Return exactly these lines and no others: the one containing "Gavin Turkey Bites" and all that follow it to the end of the listing below.

━━━━━ Data in this exercise ━━━━━

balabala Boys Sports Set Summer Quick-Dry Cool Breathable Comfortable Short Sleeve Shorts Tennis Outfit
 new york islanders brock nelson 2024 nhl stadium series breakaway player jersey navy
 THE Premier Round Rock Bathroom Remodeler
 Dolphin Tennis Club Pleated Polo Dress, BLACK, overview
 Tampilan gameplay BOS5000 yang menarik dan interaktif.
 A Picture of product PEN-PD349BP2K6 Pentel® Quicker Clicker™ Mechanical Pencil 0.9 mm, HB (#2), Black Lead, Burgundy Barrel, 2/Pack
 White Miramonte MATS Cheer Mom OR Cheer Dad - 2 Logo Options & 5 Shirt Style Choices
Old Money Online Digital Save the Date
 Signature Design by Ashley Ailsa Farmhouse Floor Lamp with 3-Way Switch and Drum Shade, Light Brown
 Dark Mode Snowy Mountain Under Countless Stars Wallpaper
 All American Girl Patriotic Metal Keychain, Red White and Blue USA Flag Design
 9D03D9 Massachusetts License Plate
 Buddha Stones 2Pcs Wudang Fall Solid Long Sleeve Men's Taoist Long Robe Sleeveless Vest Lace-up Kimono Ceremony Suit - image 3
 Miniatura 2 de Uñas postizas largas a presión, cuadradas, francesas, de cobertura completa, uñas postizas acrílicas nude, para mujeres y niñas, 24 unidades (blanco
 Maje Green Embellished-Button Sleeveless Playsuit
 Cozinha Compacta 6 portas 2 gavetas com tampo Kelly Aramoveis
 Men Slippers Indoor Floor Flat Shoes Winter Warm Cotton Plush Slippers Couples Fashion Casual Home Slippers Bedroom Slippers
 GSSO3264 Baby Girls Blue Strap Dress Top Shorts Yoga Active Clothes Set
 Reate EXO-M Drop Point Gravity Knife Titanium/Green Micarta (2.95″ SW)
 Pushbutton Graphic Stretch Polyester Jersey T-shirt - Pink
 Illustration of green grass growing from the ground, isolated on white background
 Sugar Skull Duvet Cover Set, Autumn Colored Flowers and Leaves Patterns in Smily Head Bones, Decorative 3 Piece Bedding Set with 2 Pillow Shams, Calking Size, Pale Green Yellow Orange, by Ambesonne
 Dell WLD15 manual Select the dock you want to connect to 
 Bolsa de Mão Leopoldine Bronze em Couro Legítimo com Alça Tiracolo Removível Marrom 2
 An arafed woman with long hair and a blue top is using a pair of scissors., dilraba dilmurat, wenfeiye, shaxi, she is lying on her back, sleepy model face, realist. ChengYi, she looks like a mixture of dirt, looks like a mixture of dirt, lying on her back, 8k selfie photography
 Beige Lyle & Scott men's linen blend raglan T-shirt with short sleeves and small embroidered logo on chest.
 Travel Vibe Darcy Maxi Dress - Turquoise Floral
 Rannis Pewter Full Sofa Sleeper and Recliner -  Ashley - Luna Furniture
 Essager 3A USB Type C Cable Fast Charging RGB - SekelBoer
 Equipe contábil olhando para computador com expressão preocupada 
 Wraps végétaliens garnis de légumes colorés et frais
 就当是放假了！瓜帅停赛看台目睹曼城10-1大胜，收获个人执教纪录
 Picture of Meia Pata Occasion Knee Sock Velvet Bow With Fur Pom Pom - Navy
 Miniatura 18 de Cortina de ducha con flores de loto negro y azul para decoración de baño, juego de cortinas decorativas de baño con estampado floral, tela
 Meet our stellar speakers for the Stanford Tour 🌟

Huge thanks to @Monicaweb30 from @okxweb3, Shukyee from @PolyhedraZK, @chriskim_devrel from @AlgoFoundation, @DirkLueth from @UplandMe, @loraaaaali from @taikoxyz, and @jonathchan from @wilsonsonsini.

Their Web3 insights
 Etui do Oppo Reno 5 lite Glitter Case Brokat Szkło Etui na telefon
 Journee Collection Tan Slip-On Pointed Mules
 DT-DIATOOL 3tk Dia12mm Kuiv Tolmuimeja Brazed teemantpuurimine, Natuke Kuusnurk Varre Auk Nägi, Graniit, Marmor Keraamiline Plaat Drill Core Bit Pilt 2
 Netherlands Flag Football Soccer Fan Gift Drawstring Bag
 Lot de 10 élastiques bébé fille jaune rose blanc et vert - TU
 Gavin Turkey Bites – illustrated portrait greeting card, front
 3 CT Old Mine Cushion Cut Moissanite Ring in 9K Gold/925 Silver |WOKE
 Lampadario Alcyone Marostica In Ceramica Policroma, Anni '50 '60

━━━━━

- Output:
 Gavin Turkey Bites – illustrated portrait greeting card, front
 3 CT Old Mine Cushion Cut Moissanite Ring in 9K Gold/925 Silver |WOKE
 Lampadario Alcyone Marostica In Ceramica Policroma, Anni '50 '60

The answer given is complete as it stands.